* _Assignment_: Where the listing below has a line with "AUTHENTIC LOUIS VUITTON POUCH/ MAKEUP BAG", write out exactly that line and every line after it, stopping after the line with "Maison à MAGNAC-SUR-TOUVRE".

* _Source data_:

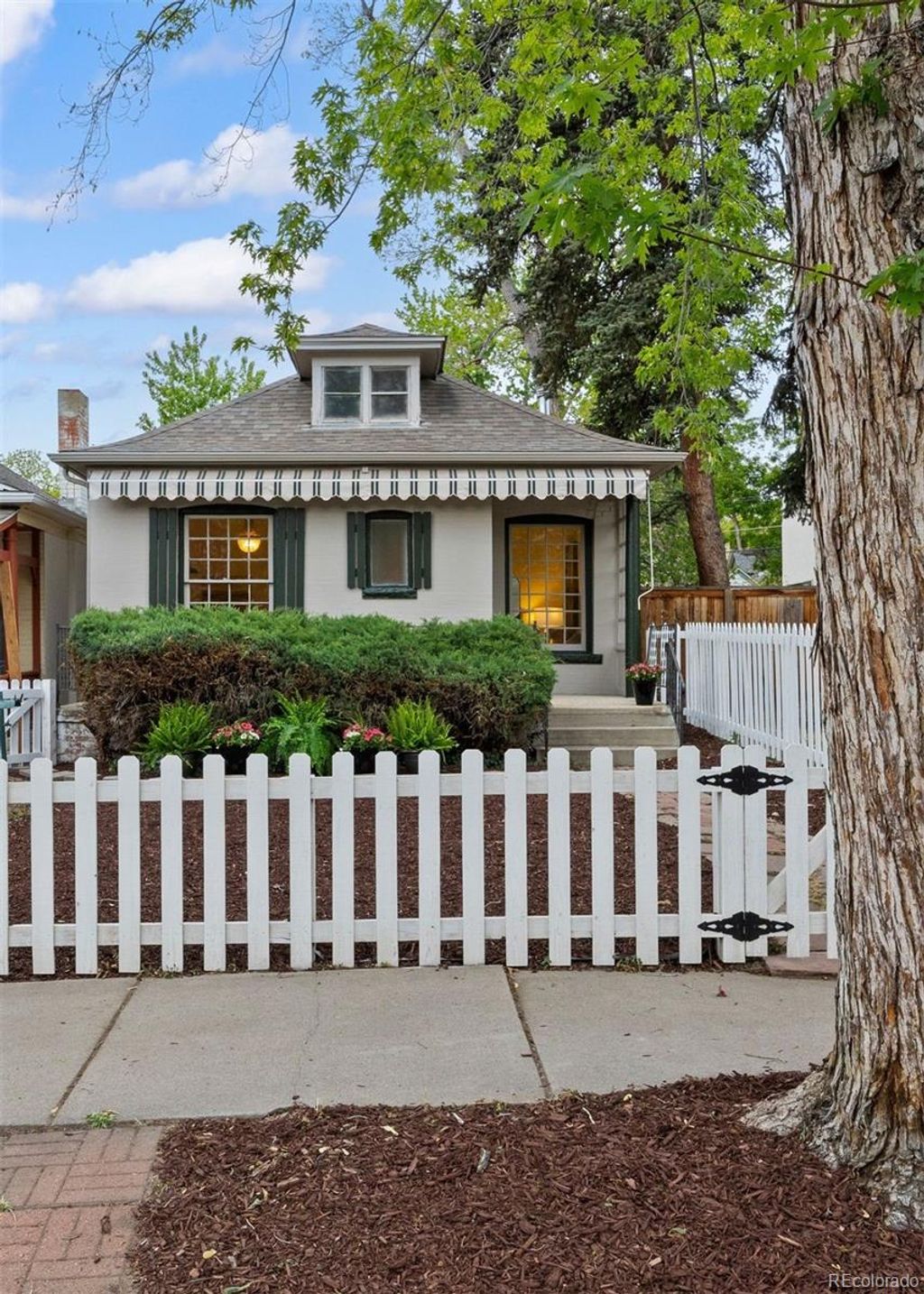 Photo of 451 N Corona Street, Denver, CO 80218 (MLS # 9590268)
* * *
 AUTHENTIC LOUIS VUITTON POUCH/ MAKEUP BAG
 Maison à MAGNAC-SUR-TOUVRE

* _Result_:
 AUTHENTIC LOUIS VUITTON POUCH/ MAKEUP BAG
 Maison à MAGNAC-SUR-TOUVRE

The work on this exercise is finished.